### K-Fold Cross Validation
#### K-fold cross-validation is a technique used in machine learning to evaluate the performance of a model. It helps ensure that the model generalizes well to unseen data and doesn't overfit to the training set.

In [1]:
import pandas as pd
from sklearn.model_selection import train_test_split
from sklearn.linear_model import LogisticRegression
from sklearn.metrics import accuracy_score

In [3]:


# Load your dataset
data = pd.read_csv("D:/Associate - Junior DS Assessment/Junior (A - L2) Data Science/Data/final_ds_nlp/modified_final_file.csv")
data=data.dropna(subset=['raw_rating','sentiment2'])
# Select features and labels (For simplicity, let's assume 'raw_rating' is the feature and 'Sentiment' is the label)
X = data[['raw_rating']]  # Features
y = data['Sentiment']  # Target labels

# Split the data into training and testing sets
X_train, X_test, y_train, y_test = train_test_split(X, y, test_size=0.2, random_state=42)

# Train a simple Logistic Regression model
model = LogisticRegression()
model.fit(X_train, y_train)

# Make predictions on the test set
y_pred = model.predict(X_test)

# Calculate accuracy
accuracy = accuracy_score(y_test, y_pred)
print(f"Accuracy without K-Fold Cross-Validation: {accuracy:.2f}")


Accuracy without K-Fold Cross-Validation: 0.79


In [12]:
from sklearn.model_selection import cross_val_score

# Apply K-Fold Cross-Validation with 5 folds
k_fold_accuracy = cross_val_score(model, X, y, cv=10, scoring='accuracy')

# Print the accuracy for each fold
print(f"Accuracy for each fold: {k_fold_accuracy}")

# Calculate the mean accuracy across all folds
mean_accuracy = k_fold_accuracy.mean()
print(f"Mean accuracy with K-Fold Cross-Validation: {mean_accuracy:.2f}")


Accuracy for each fold: [0.79414032 0.78026214 0.79182729 0.77949113 0.79336931 0.79182729
 0.76869699 0.7925983  0.78874325 0.79243827]
Mean accuracy with K-Fold Cross-Validation: 0.79


### Why Accuracy May Not Improve

- **Model Stability:** If your model is already stable and the dataset is representative, you might see similar accuracy scores across different splits.
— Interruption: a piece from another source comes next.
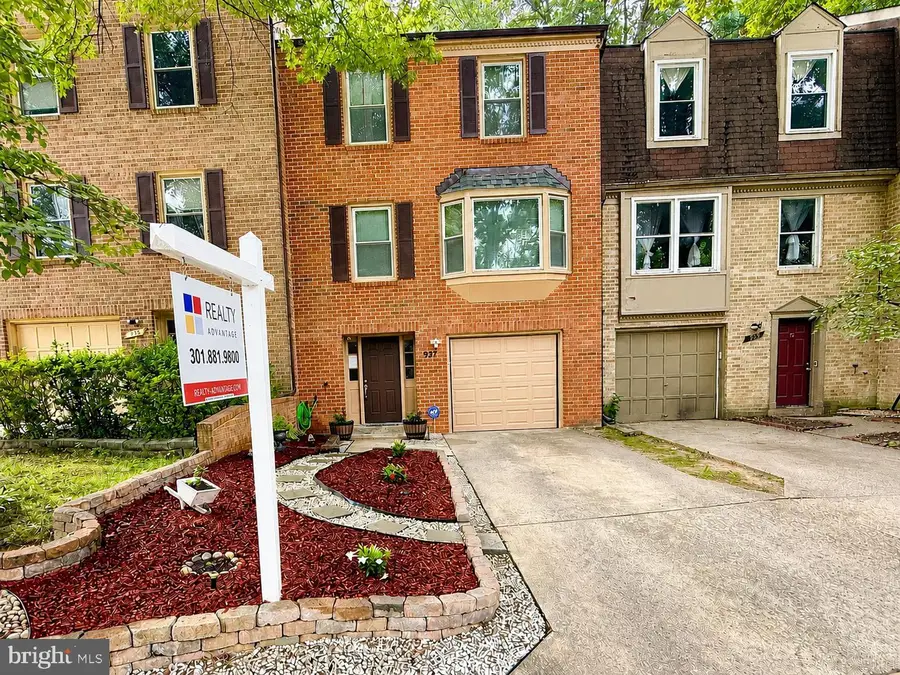 937 Wild Forest Dr, Gaithersburg, MD 20879 - #2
This means your model is consistent, but it doesn't necessarily improve accuracy.

- **Data Size:** If you have a smaller dataset, the test set in K-Fold Cross-Validation might contain more difficult samples, which could lower accuracy slightly.

- **Overfitting:** If your model was overfitting on the initial train-test split, K-Fold Cross-Validation would reveal that by showing a lower average accuracy across the folds.

### What to Focus On

- **Consistency:** Check if the accuracy across different folds is consistent. Consistent accuracy indicates a stable model that generalizes well.

- **Bias-Variance Tradeoff:** K-Fold Cross-Validation helps you understand if your model has high variance (performing well on some folds but poorly on others) or high bias (underperforming across all folds).